After more than a decade of fighting for higher pay, the Dallas Cowboys cheerleaders have scored a major win.
Season two of Netflix’s blockbuster series “America’s Sweethearts,” which premiered Wednesday, culminates in the announcement that the cheerleaders will be getting a massive 400 percent pay raise. The increase came after behind-the-scenes work from a handful of cheerleaders on the team who advocated for raises throughout the 2024 season, building on movement that’s been going on since NFL cheerleaders first began to sue their teams over low wages more than a decade ago.
Cheerleader Jada McLean told the New York Times that veterans will be making more than $75 an hour, up from about $15 an hour in the 2024 NFL season. Pay structures for event appearance fees, such as community and charity events and performances outside of football games, are also changing. Previously, cheerleaders got $500 for each appearance with some variance depending on seniority. The specifics of the new contracts, however, were not revealed.
In season two of “America’s Sweethearts,” the cheerleaders talk openly of fighting for better pay and even consider staging a walkout to put pressure on team management.
“Our efforts were heard,” said cheerleader Megan McElaney, one of a handful that lead the charge for higher pay, in the show’s final episode. “I get emotional knowing that I was a part of that. Dancers are athletes.

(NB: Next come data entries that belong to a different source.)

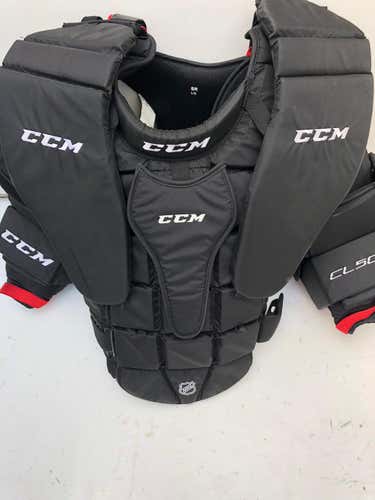 CCM CL 500 Goalie Chest and Arm Pads/Protector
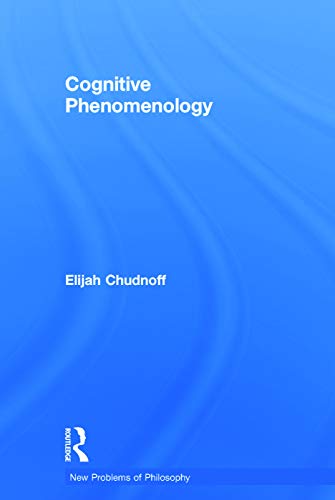 Stock image for Cognitive Phenomenology (New Problems of Philosophy) for sale by Chiron Media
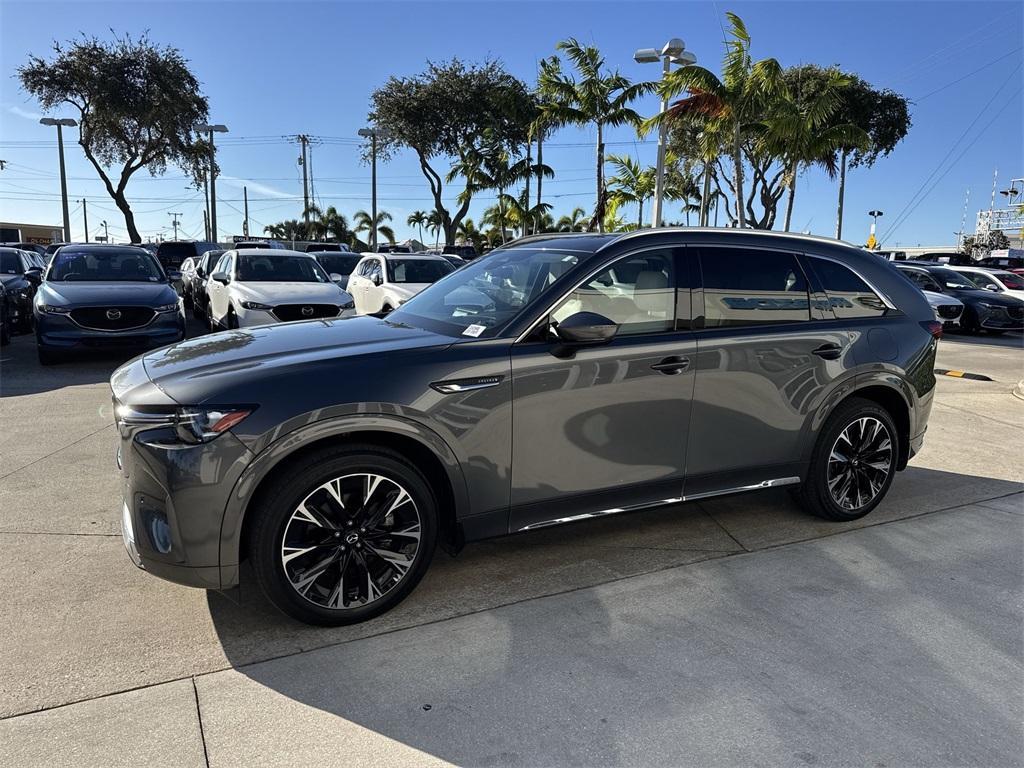 used 2025 Mazda CX-90 car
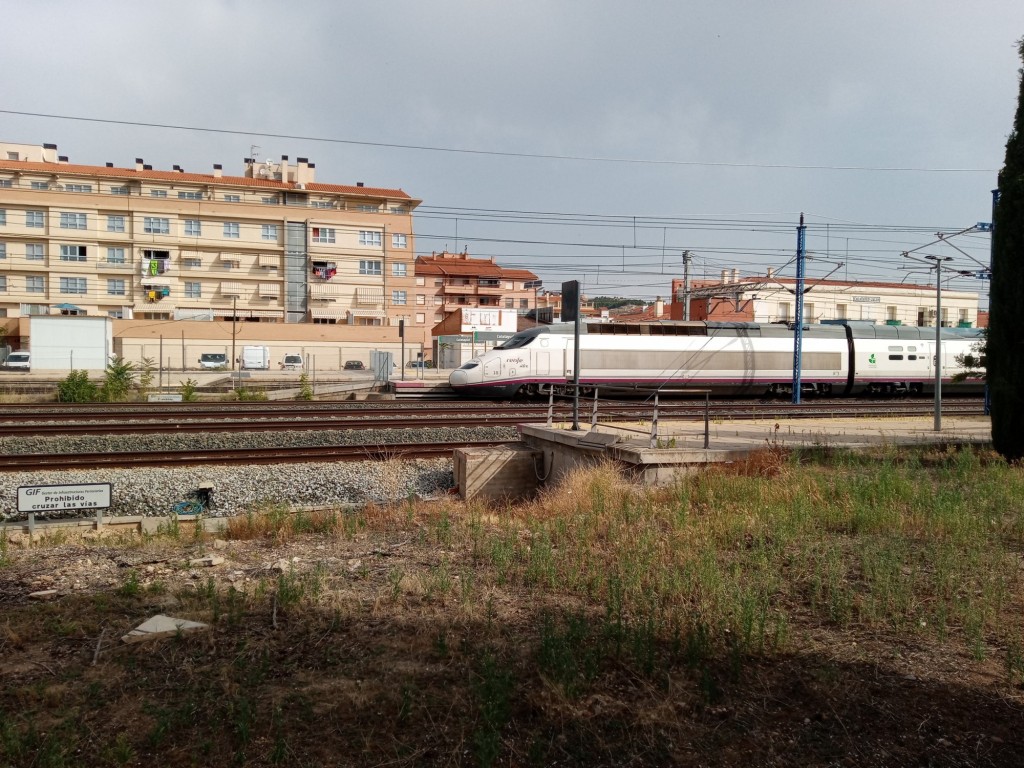 Foto: Salida hacia Madrid - Calatayud (Zaragoza), España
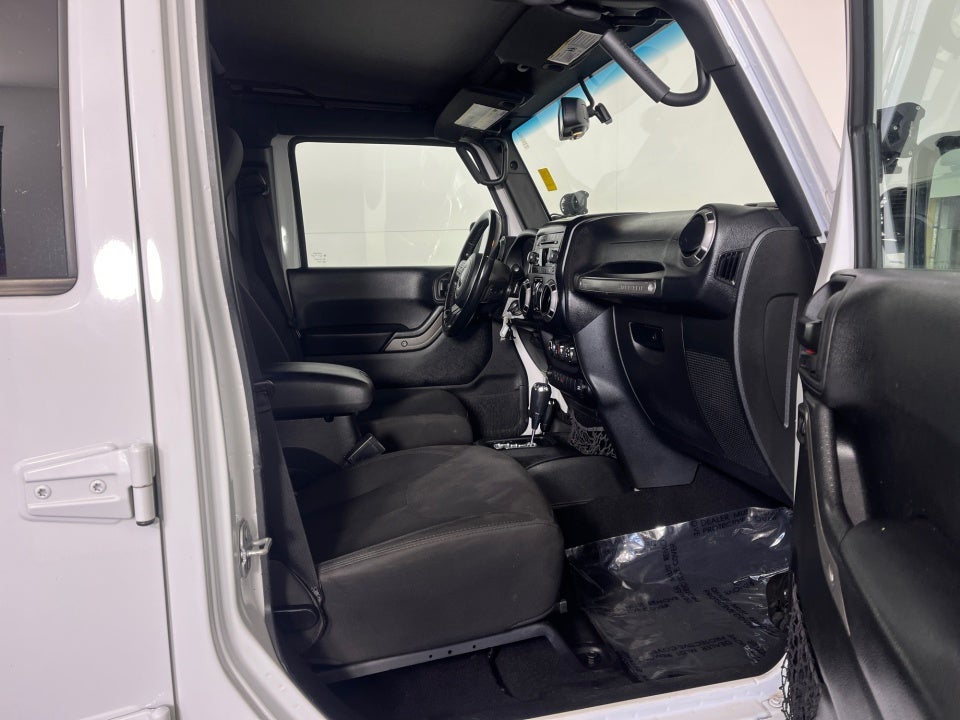 2017 Jeep Wrangler Sport 4x4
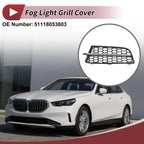 1 Pc Front Left Fog Light Grill for BMW 1 Series (2011-2015)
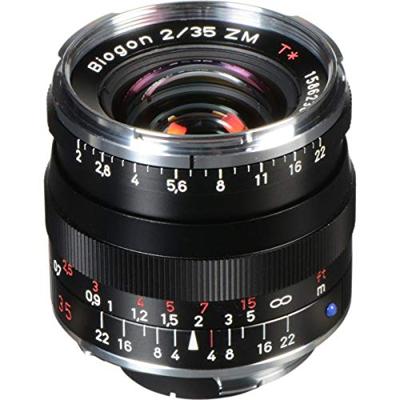 Zeiss 35mm F/2.0 Biogon T* zwart ZM (Zeiss-Leica)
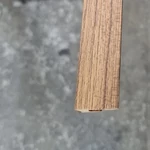 AGT LAMBRI Falpanel záróelem LB-3783-A Matt Teak 248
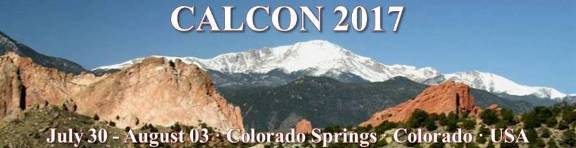 Banner image for CalCon 2017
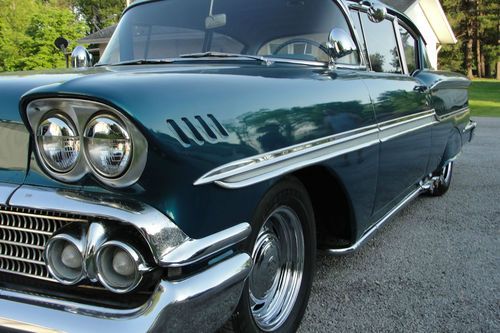 58 CHEVY BISCAYNE 2 DOOR, image 15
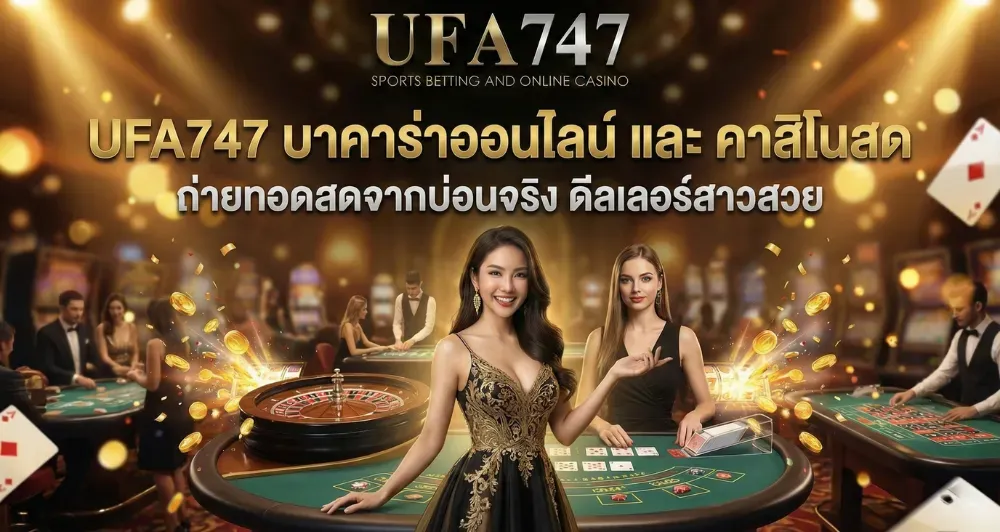 UFA747 บาคาร่าออนไลน์และคาสิโนสด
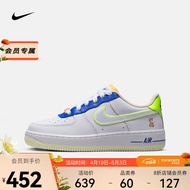 耐克 空军一号运动鞋 NIKE AIR FORCE 1 LV8 (GS) AF1 FB1393-111 37.5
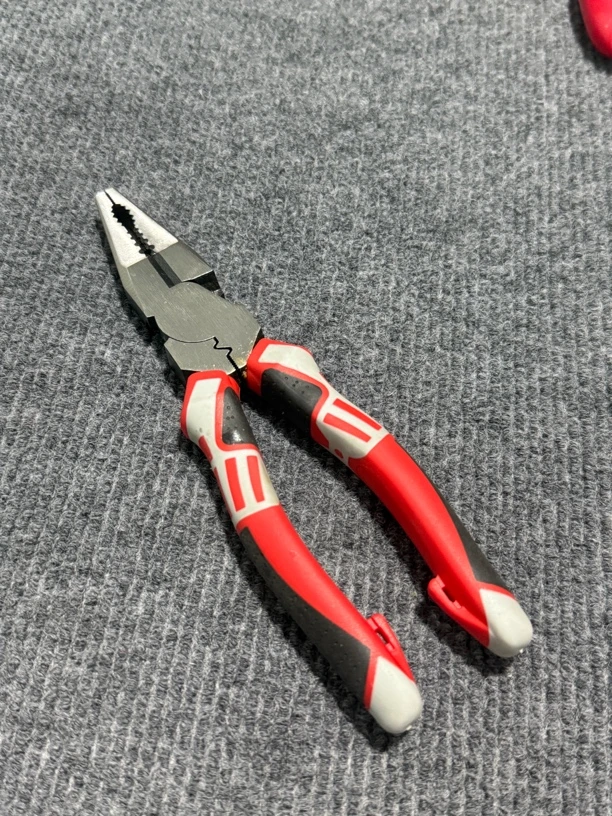 工业级8寸钢丝钳老虎钳斜口钳 尖嘴钳多功能剪钳 偏心省力钳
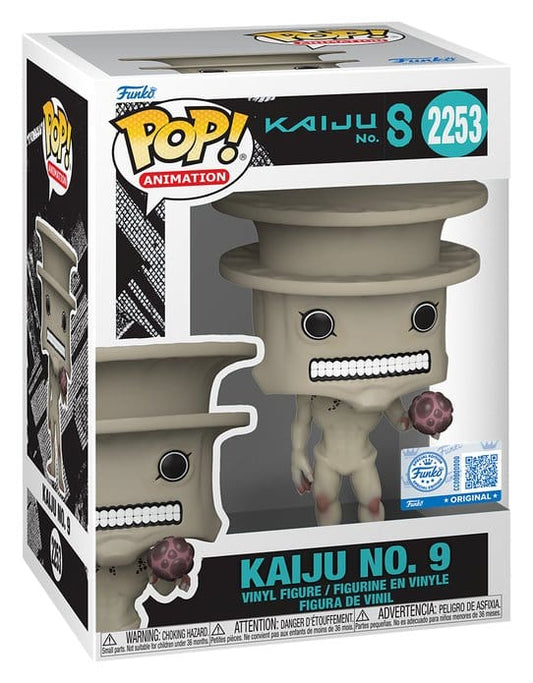 Kaiju No. 8 POP! Animation Vinyl Figures Kaiju No. 9 9 cm Funko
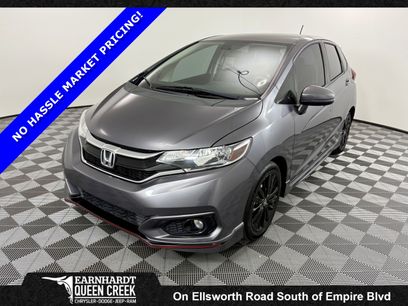 Used 2020 Honda Fit Sport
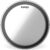 Evans EMAD2 Clear Bass Drum Head – 22 Inch – Double Ply Drumhead with Adjustable Dampening System for Enhanced Attack and Focus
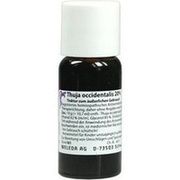 Weleda THUJA OCCIDENTALIS 20% AEUSSERLICH TINKTUR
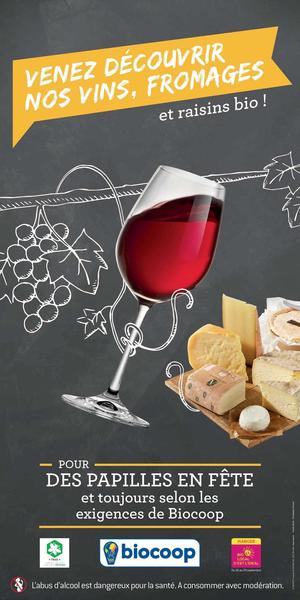 Fête des vins et des fromages - du 5 au 29 septembre 2018 Fête des vins et des fromages - du 5 au 29 septembre 2018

They have so much value.”
Kelli Finglass, the team’s director, then tells the team that they “moved some mountains this year that will forever change our organization and hopefully dancer organizations across the world.”
“That has been 60-plus years long overdue,” Finglass said on the show.
It’s a stark contrast from the docuseries’ first season, where pay was a footnote. Former Cowboys cheerleader Kat Puryear reveals her salary through 2022 was equivalent to that of “a substitute teacher” or a “Chick-fil-A worker that works full time.” Later on TikTok she added her job is a “full-time commitment, but part-time pay.”
But Dallas Cowboys Executive Vice President Charlotte Jones waved off the issue on the show: “There’s a lot of cynicism around pay for NFL cheerleaders, and as it should be — they’re not paid a lot. But the facts are they actually don’t come here for the money. They come here for something that’s actually bigger than that to them.”
Still, that one minute and 46 seconds of pay discussion in season one put the stadium lights back on an issue that had been percolating for years, ever since former Oakland Raiderette Lacy Thibodeaux Fields sued her team in 2014 alleging a violation of state minimum wage and labor laws.
For the 2014 season — nine hours a week in practice, another nine on game days and at least 10 community events per season — she said she earned barely $1,000. Her lawsuit was followed by more than a half dozen others on teams across the NFL, including from cheerleaders saying they were paid nothing at all for the work they did. Many had to pay out of pocket to fulfill stringent appearance requirements set by the teams.
In Thibodeaux Fields’ lawsuit, she uncovers how her team required her to maintain a tan, a French manicure and her 103-pound frame. If she so much as strayed more than five pounds over, or forgot to bring her pom poms to practice, she would be fined. A separate lawsuit by former Buffalo Bills cheerleader Maria Pinzone detailed how cheerleaders were required to do jumping jacks in front of staff as they scrutinized their bodies. They were known as “jiggle tests.”
But all of the lawsuits filed over the past decade settled. And no big sea change came.
Until pay came up again on “America’s Sweethearts.”
Suddenly, cheerleader pay was again being compared with football player pay (Cowboys quarterback Dak Prescott earns about $60 million) — and even mascot pay. In a 2018 lawsuit against the Cowboys, former cheerleader Erica Wilkins alleged she was paid $16,500 in her final year with the team while the mascot, Rowdy, who was played by a man, earned $65,000 a year.
The series, which documented the hours and hours they practiced while holding down full-time jobs, also made it harder to make the case that the job was a fun, voluntary side gig for the cheerleaders. Now, change for the Cowboys cheerleaders, who more than 50 years ago set the cheerleading standard that all teams now follow, could trickle to other teams.
“I think this will put pressure on other teams to follow suit,” said Dave Berri, the co-author of “Slaying the Trolls! Why the Trolls are Very, Very Wrong About Women and Sports,” which dedicates a chapter to cheerleaders. But he cautions; “Because women have historically been paid so poorly in sports, massive increases in pay still don’t bring women to what they are worth.”
Watching the pay discussion unfold over the years since she started the conversation, Thibodeaux Fields told The 19th last year that she was hopeful that every effort made in a decade-plus of advocacy would one day lead to this.
On Wednesday morning after the news broke she wrote: “I’m thrilled to hear this news. Artistic talents and hard work should always be well paid. This is a well deserved raise!”
McLean, who led the push inside the organization, will never get to experience the higher pay she fought for, but, as she concludes on the show: “I’m proud of those of us who sparked the fire.”